U.S. Revokes Work Visa

Of Muslim Scholar

SOUTH BEND, Ind. -- The State Department revoked the work visa of a Muslim scholar who had been scheduled to teach at the University of Notre Dame this fall. Tariq Ramadan, a Swiss citizen, called the revocation unjustified and "coming from political pressure."

Russ Knocke, a Department of Homeland Security spokesman, said the work visa was revoked because of a section in federal law applying to aliens who have used a "position of prominence within any country to endorse or espouse terrorist activity."

"We absolutely don't agree with that," Notre Dame spokesman Matt Storin said. "If we did, we would not have hired him."

Storin described Ramadan as a distinguished scholar and a voice for moderation in the Muslim world.

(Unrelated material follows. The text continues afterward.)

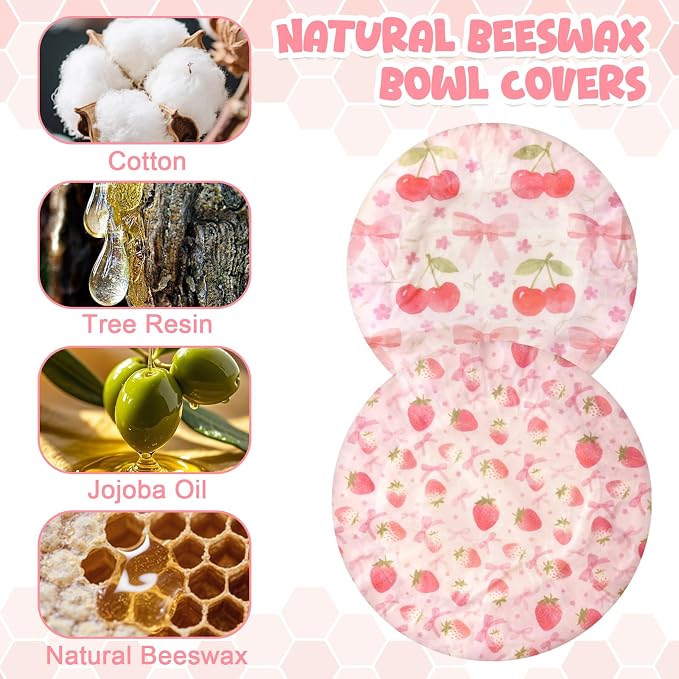 2-Pack Reusable Beeswax Bowl Covers with Pink Bow & Fruit Pattern, 10/12 Inch Elastic Cotton Food Storage Covers for Bread Proofing, Sourdough Dough & Kitchen Containers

Ramadan said he opposes all forms of violence. "What I'm saying as a Muslim is that when I criticize a policy, for example the Saudi policy or the Egyptian policy, I am not Islamophobic," he said. "And when I am criticizing the policy of the state of Israel, of [Prime Minister Ariel] Sharon, I'm not an anti-Semite. It's just a political criticism."

Ibrahim Hooper, spokesman for the Council on American-Islamic Relations, said the revocation indicates an unwillingness of Americans to listen to Muslims.

* NEW YORK -- Antiwar activists planning a demonstration on the eve of the Republican National Convention said they will march past Madison Square Garden but will cancel the rally if they are denied permission to hold it in Central Park. The group, United for Peace and Justice, and city lawyers met for a hearing before state Supreme Court Justice Jacqueline Silbermann, who is considering whether the expected crowd of 250,000 can assemble in the park for a rally that the city argues would ruin the grass.

* DENVER -- A grand jury investigating whether alcohol and sex were used to entice University of Colorado football recruits indicted Nathan Maxcey, 28, a former low-level recruiting aide, for allegedly soliciting a prostitute for himself.

* ATHENS, Ga. -- University of Georgia cheerleading coach Marilou Braswell was fired after a Jewish cheerleader complained her chances of making the football squad were hurt because she did not participate in Bible studies and pregame prayers. Jaclyn Steele, 22, was on the football squad as a freshman but was moved to the basketball squad, a perceived demotion.

* LAS VEGAS -- Cab driver Pairoj Chitprasart, 51, died three days after being set on fire during a robbery attempt. Police said James Scholl, 33, will be charged with murder.

* LITTLE ROCK -- A school district may not offer prayers at mandatory staff meetings, regardless of whether the teacher who complained about them is present, an appeals court ruled. The U.S. Court of Appeals for the 8th Circuit said the DeValls Bluff School District's use of prayer at mandatory teacher meetings was unconstitutional.

* PHILADELPHIA -- Gun dealer Jon K. Sauers agreed to pay $850,000 to Tennille Jefferson, whose son, Nafis, 7, was killed with a revolver Sauers sold to a middleman who illegally resold the gun on the street. The settlement in the wrongful death lawsuit, approved by a judge Friday, has implications for gun shop owners who sell to "straw" buyers who purchase arms for gun traffickers, experts said.